The damages here sued for, instead of resulting from the building and operation of the railroad, resulted solely from an improvement in 'the street of the city, for the use of general public travel along the street, and although it is made in compliance with a contract between the city and the railroad company, whereby the city gives the railroad company the right to cross the street, it is an entirely distinct and independent improvement from that of the railroad proper; and the damages are, moreover, in the main, if not entirely, of that character which, before the adoption of the present constitution, would, under the authority of Moses v. Pittsburg, Ft. Wayne and Chicago Railroad Co. 21 Ill. 516, Roberts v. Chicago, 26 id. 249, and Murphy v. Chicago, 29 id. 279, have been held damnum absque injuria. Their extent and effect could not have been known at the time of the grant, and they could not therefore have been then assessed by condemnation. (Stetson v. Chicago, 75 Ill. 74.) Nor could any condemnation proceeding solely for the strip of land granted have given any right to ihe railroad company to cross, much less to make a viaduct in, Winnebago street. That could only be given by the city, and subject to its future supervision and control. Provision Co. v. Chicago, 111 Ill. 658.

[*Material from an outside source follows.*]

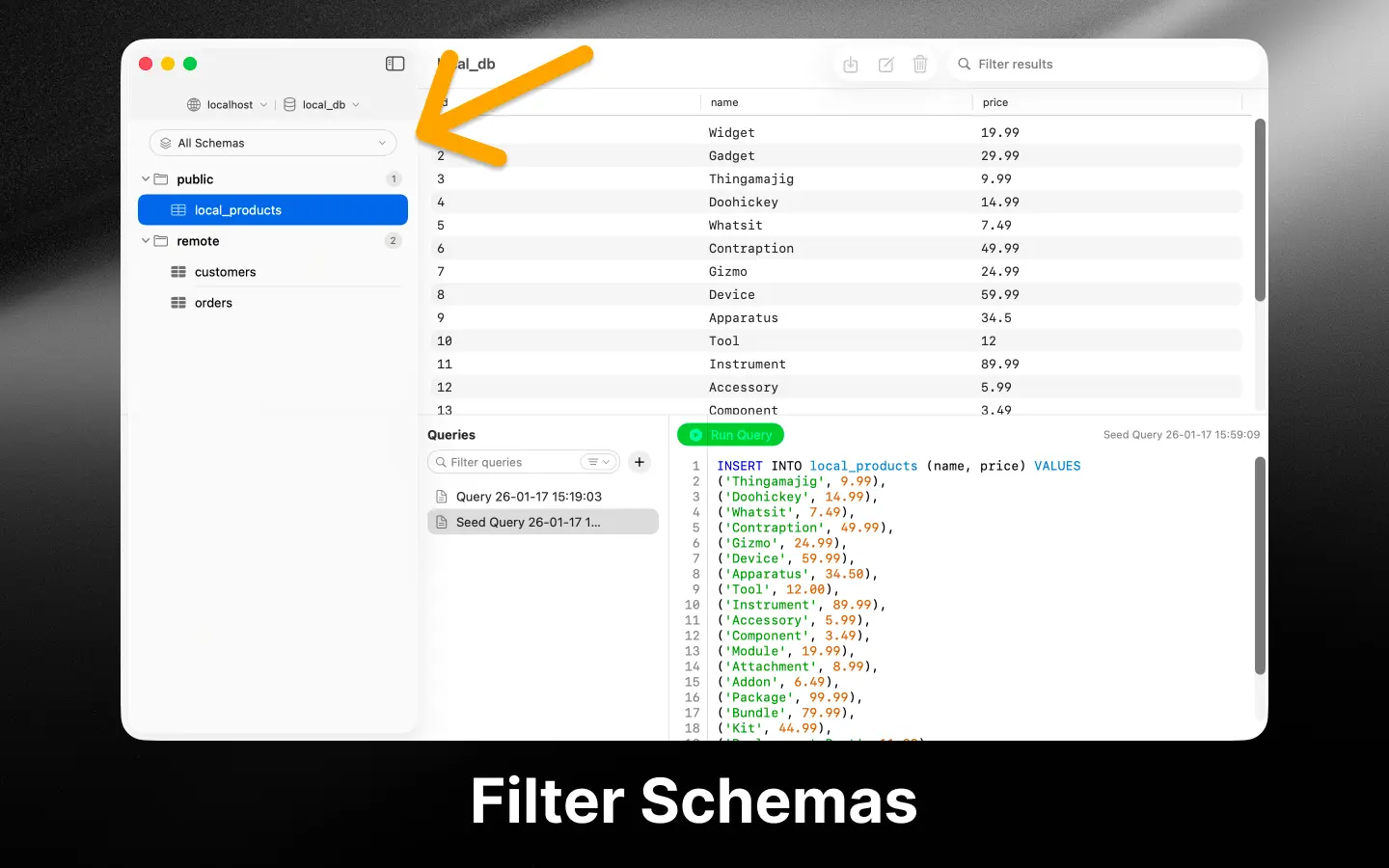 Screenshot 10 of PostgresGUI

If the motion had been made to carry the demurrer back to the plea, it should have been sustained;, but in our opinion it was error to sustain the demurrer to the replication, since it was a sufficient answer to the plea.
The judgments of the circuit and the Appellate courts are reversed, and the cause is remanded to the circuit court for further proceedings consistent with this opinion.
Judgment reversed.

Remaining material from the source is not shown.